▶ **Exercise details**: The required output is an exact restatement of the lines, starting with the one that contains "I-295 interchange near" and finishing with the last line of the listing. It contains no pictures.

======== Listed records

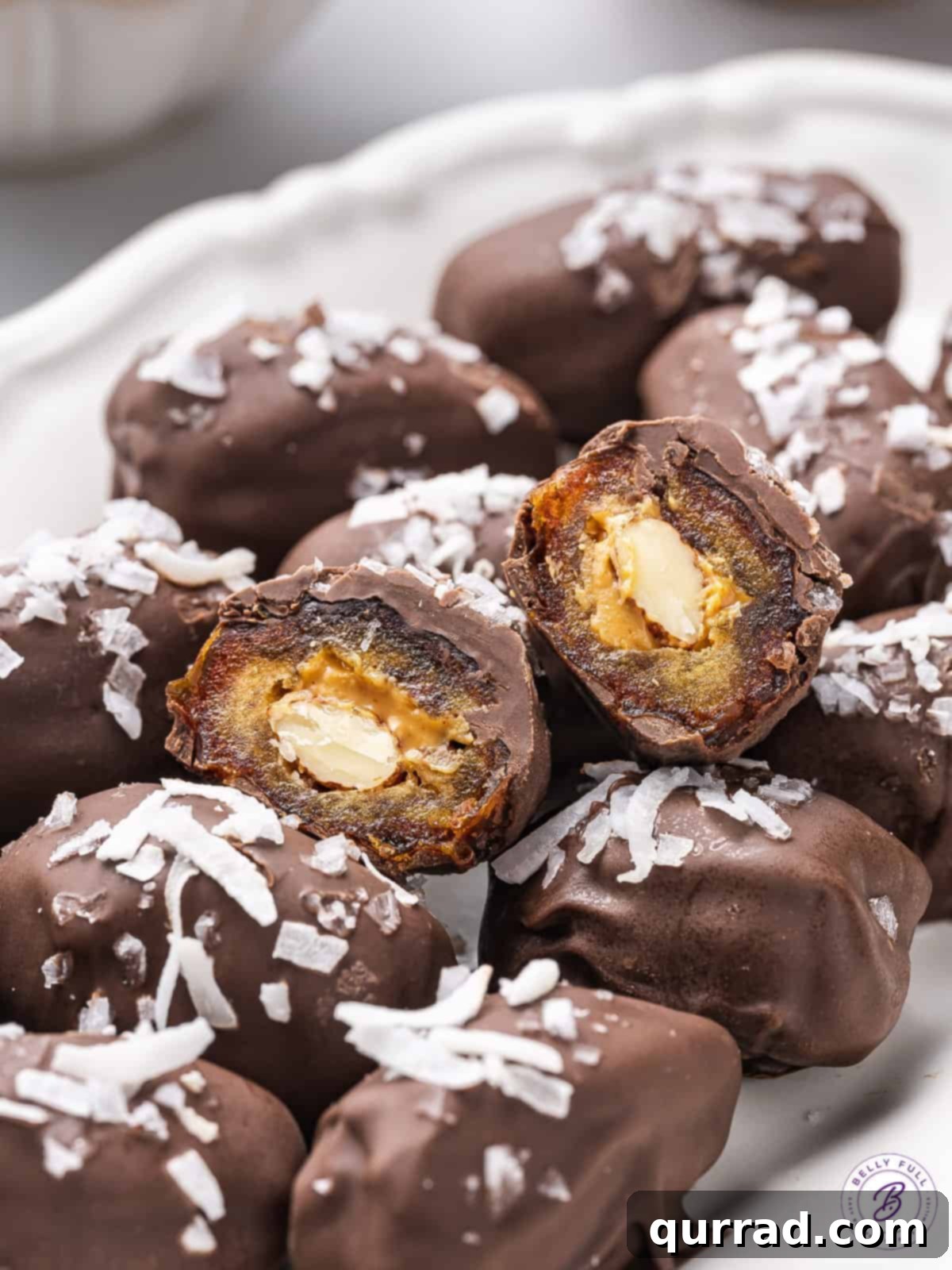A glimpse inside: these Almond Stuffed Dates showcase their healthy, delicious core. A meticulously sliced almond stuffed date reveals its creamy almond butter and whole almond filling, resting on a bed of other prepared dates.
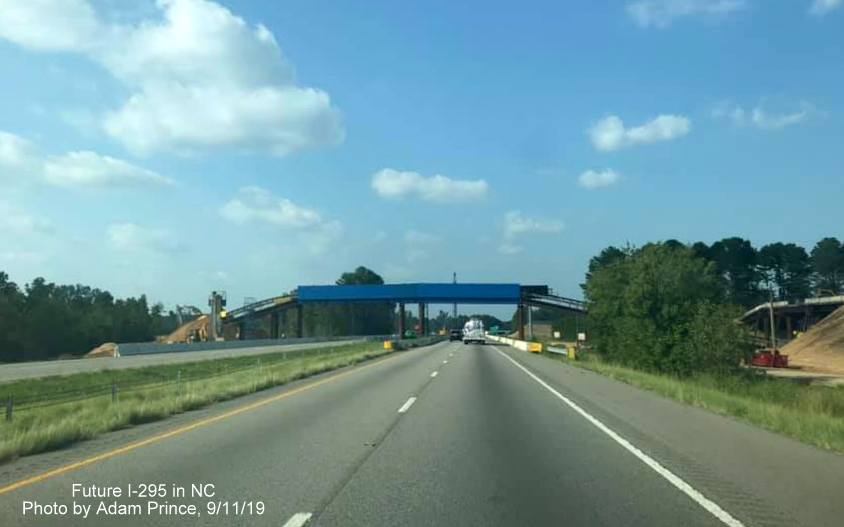Image of conveyor belt built above I-95 lanes to carry dirt excavated for Future 
      I-295 interchange near St Pauls, NC., by Adam Prince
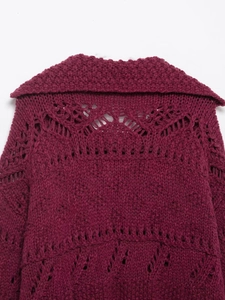 Macro shot of dark burgundy chunky knit cardigan featuring hollow geometric patterns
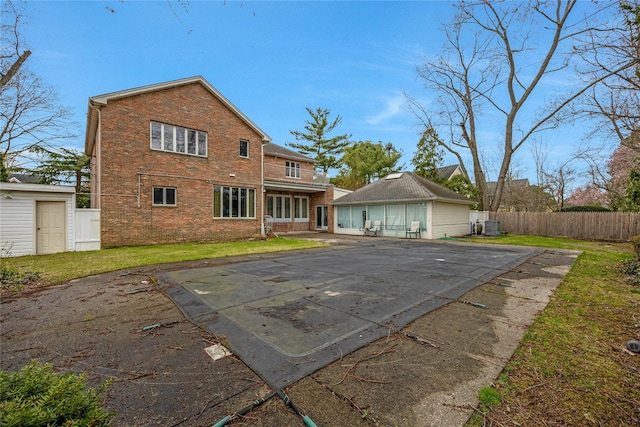 8 Percheron Ln, Roslyn Heights, NY 11577 - rear view of property with a patio, fence, a lawn, and brick siding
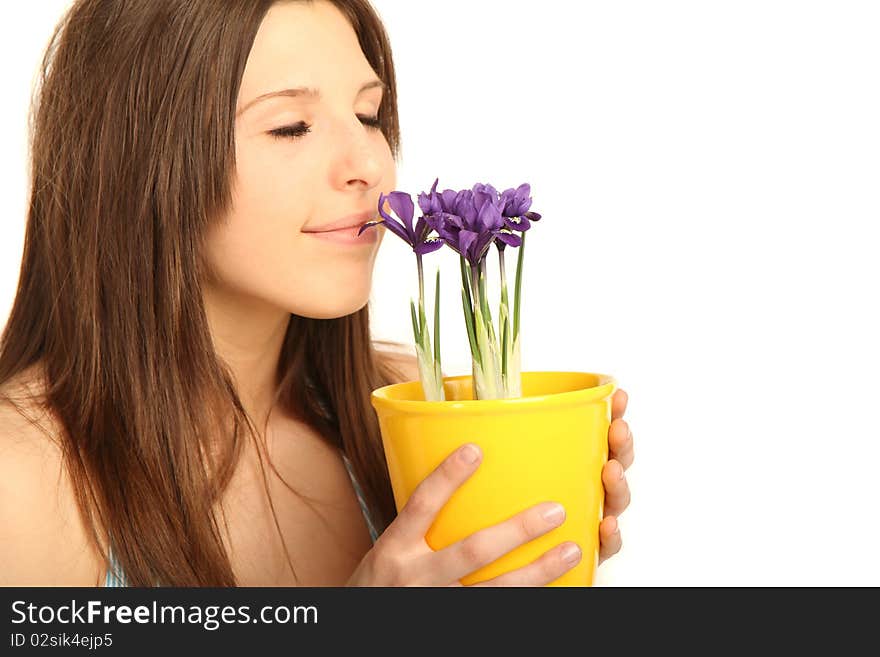 Young brunette woman with flowerpot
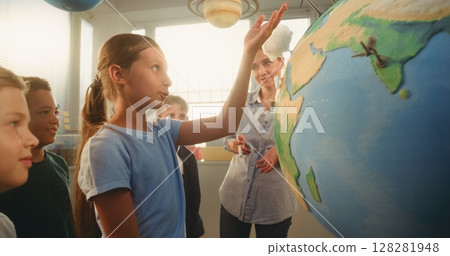 STEM Science Lesson: Smart School Girl Presenting Renewable Energy Sources Using Globe 128281948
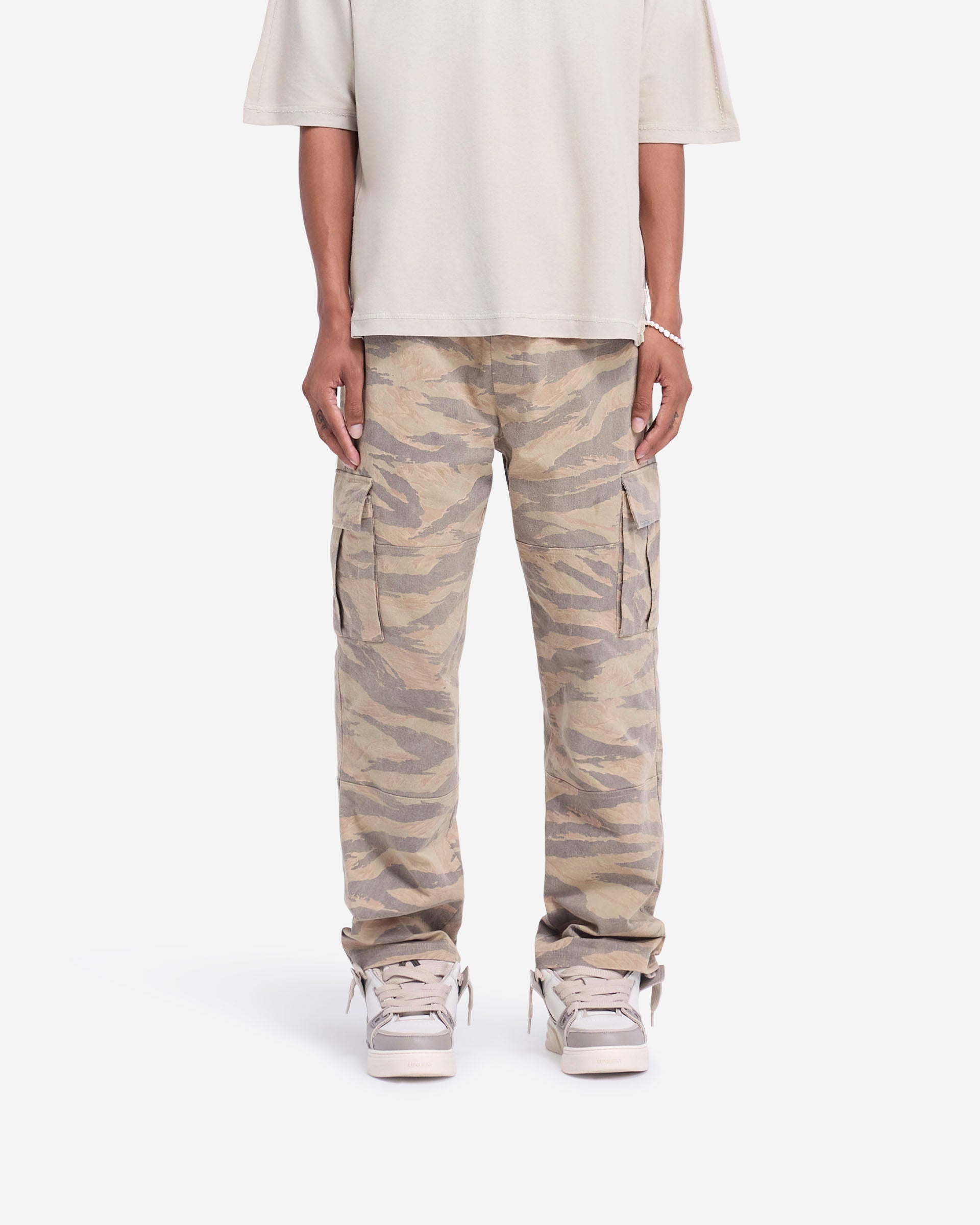 Man wearing camo cargo pants on a plain white background | Cargo Pant in Camo | Regular fit cargo pants with flap pockets and metal bar detailing | FW24 Pants | Represent Clo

================

▶ **Exercise output**:
      I-295 interchange near St Pauls, NC., by Adam Prince
 Macro shot of dark burgundy chunky knit cardigan featuring hollow geometric patterns
 8 Percheron Ln, Roslyn Heights, NY 11577 - rear view of property with a patio, fence, a lawn, and brick siding
 Young brunette woman with flowerpot
 STEM Science Lesson: Smart School Girl Presenting Renewable Energy Sources Using Globe 128281948
 Man wearing camo cargo pants on a plain white background | Cargo Pant in Camo | Regular fit cargo pants with flap pockets and metal bar detailing | FW24 Pants | Represent Clo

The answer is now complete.